An other Idea is:
MBE = {
D[a[t, x], t] == -a[t, x] + d1[t, x] c0[t, x] -
d0[t, x] c1[t, x],
D[b[t, x], t] == a[t, x] - b[t, x] -
d1[t, x] c0[t, x] + d0[t, x] c1[t, x],
D[c0[t, x], t] ==
c0[t, x] + (a[t, x] - b[t, x]) d1[t, x],
D[c1[t, x], t] ==
c1[t, x] + (a[t, x] - b[t, x]) d0[t, x],
D[d0[t, x], x] == - c1[t, x],
D[d1[t, x], x] == c0[t, x],
a[t, 0] == 0, b[t, 0] == 0, c0[t, 0] == 0, c1[t, 0] == 0,
d0[t, 0] == 10^1, d1[t, 0] == 0,
a[0, x] == 0, b[0, x] == 0, c0[0, x] == 0, c1[0, x] == 0,
d0[0, x] == 10^1, d1[0, x] == 0};
solutionMBE =
NDSolve[MBE, {a, b, c0, d0, c1, d1}, {t, 0,
3}, {x, 0, 20}]
with c=c0+I c1 and d=d0+I d0. Now the equations are real.

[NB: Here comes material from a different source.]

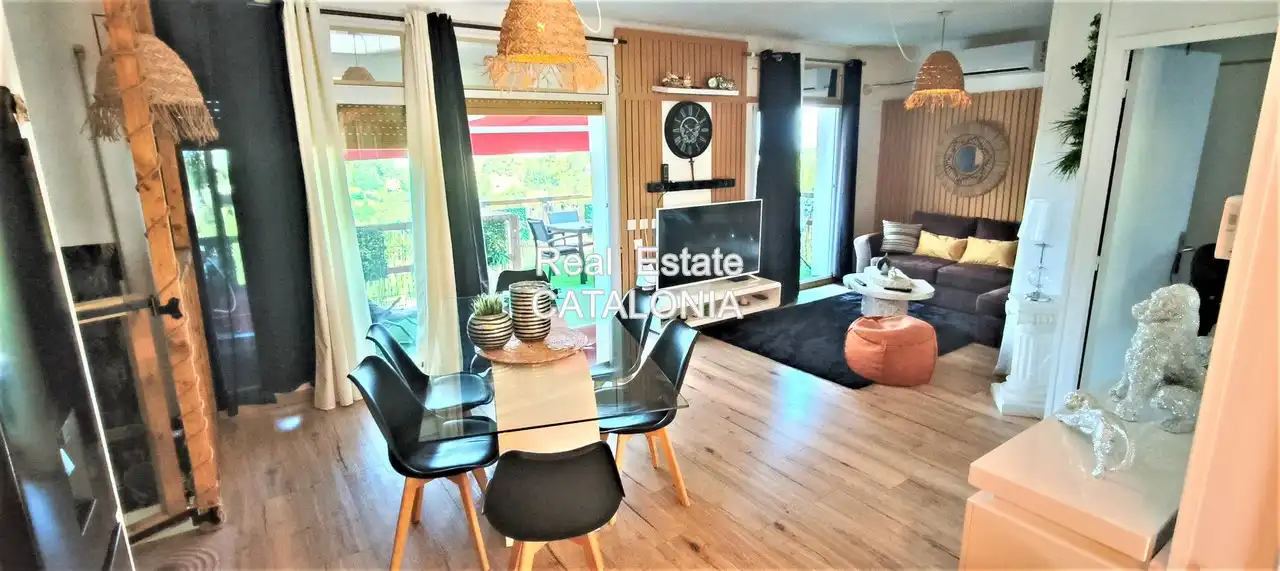 Vista exterior de Casa o xalet en venda en Lloret de Mar amb Aire condicionat, Calefacció i Jardí privat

In this system of equations I get the Error massages:
NDSolve::pdord: Some of the functions have zero differential order, so the equations will be solved as a system of differential-algebraic equations.
and
NDSolve::ndcf: Repeated convergence test failure at t == 0.`; unable to continue.
What is now the problem of this system?